John H. Myers, also headquartered in York, will transfer equipment and inventory from the two purchased yards to its own locations. In addition to the York facility, the 92-year-old company operates branches in Chambersburg, Dallastown, Hanover and Camp Hill, Pa. All 73 employees of the two Lumber Yard locations will be offered job s at John H. Myers, which listed $60 million in sales for 2007 on the HCN Pro Dealer Top 350 Scoreboard.
“We’re hiring everybody upfront,” said company president Bob Myers III in an interview with Home Channel News. “They’ve got some long-time, knowledgeable people.”
A fourth generation owner, Myers has already witnessed an 84 Lumber and Stock Building Supply close in his market since the housing downturn. By purchasing the two Lumber Yard locations, Myers hopes “to keep a good chunk of their business without a lot of infrastructure costs,” he said.

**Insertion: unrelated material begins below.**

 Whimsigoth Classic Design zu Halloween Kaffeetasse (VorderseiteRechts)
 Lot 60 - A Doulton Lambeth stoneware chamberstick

The Lumber Yard, which started 2007 with 18 units in five Mid-Atlantic states, went through a major restructuring late last year. Half of the chain’s locations were closed, and five regional “super yards” were created with additional inventory, equipment and service levels. Four smaller lumberyards were also kept open.
But as the housing market continued to tank, nine locations dwindled down to four. But The Lumber Yard continued to serve builders and remodelers in Delaware, Pennsylvania, Maryland, Virginia and West Virginia, using a warehouse and delivery system derived from its sister organization, Wolf Distributing.
“Our footprint has not gotten any smaller,” Len Kopec, The Lumber Yard’s president and CEO, told Home Channel News in September. Housing starts had slowed to a crawl by then, however. “Nothing is coming out of the ground that isn’t sold first,” said Kopec, who retired last month after 40 years in the LBM business.
By contrast, Wolf Distributing has gained market share over the past two years, largely through new product lines and distribution agreements.
Also headquartered in York, the $223.7 million wholesaler distributes kitchen cabinets, countertops and bath vanities from Maine to the Carolinas. A second distribution center in Allentown, Pa., serves Pennsylvania; Maryland; Delaware; Virginia; Washington, D.C.; New Jersey; and parts of New York with composite decking, siding, and trim, house wrap and a few other specialty building materials.
Groff attributed the company’s growth to the additions of AZEK trim molding and James Hardie fiber cement siding in 2008. The distributor also finished implementing an SAP system throughout the entire organization, greatly expanding product availability to Wolf’s customers , which include big boxes, independent lumberyards, plumbing supply houses and kitchen and bath retailers. Wolf now offers overnight or next truck delivery on most of its inventory, Groff said.